Demokrasinin nefes aldığı tüm delikler tıkanırsa; Oğlu kızı; gelini damadı; torunu akrabası devlet memuru olanlar ve tabii ki tüm devlet memurlarının kendilerini en rahat hissettikleri mekanlar "Ak Parti Devleti"ne bağlı mekanlar, birimler ve sivil toplum örgütleri ise, demokrasinin neyinden bahsedebiliriz ki. Ya devlete vergi ödeyen iş adamları, sermaye sahipleri bu psikolojik ortamda hangi şikayeti dile getirip, neyi talep edebilirler ki.

Efendim neymiş; "Millet seçiyor ya, size ne". Millet senin belirlediğin şartlar dahilinde düşünmek ve karar vermek durumunda bırakılıyorsa; elbette netice de senin istediğin şekilde çıkacaktır. Yahu sandıklarda görev yapan devlet memurları hükumete muhalif bir grubun resim karesinde, hükumet tehdidinden çekinerek yer almak istemiyorlarsa; bu hal demokrasi adına sözün bittiği anlamına gelmez mi.
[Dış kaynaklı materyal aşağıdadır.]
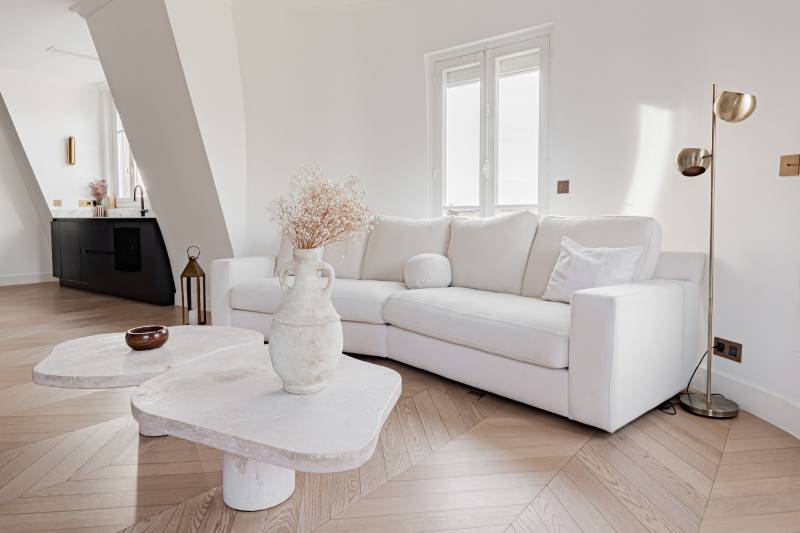 Parisian apartment available for rent for an exclusive press launch event in France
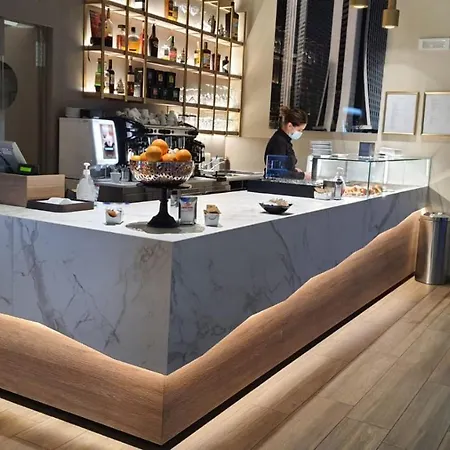 Alex Hotel 3*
MHP de 2/3 delegenin noter tasdikli imzaları ile olağanüstü kongre gerçekleşmiş olsaydı ve yüzde yüze yakın ihtimalle parti yönetimi değişe bilseydi; AKP Kasım seçimlerinde azınlığa düşmeyecek miydi. Dolayısıyla yönetimi değişmiş yeni MHP referanduma gidilmesini istemeyecek ve parlamenter sistem de değişmeyecekti.

Vallahi sizleri bilemem ama ''Türkiye de demokrasi'' denenince; memokrasi, zartrokrasi, zurtrokrasi gibi şeyler geliyor aklıma.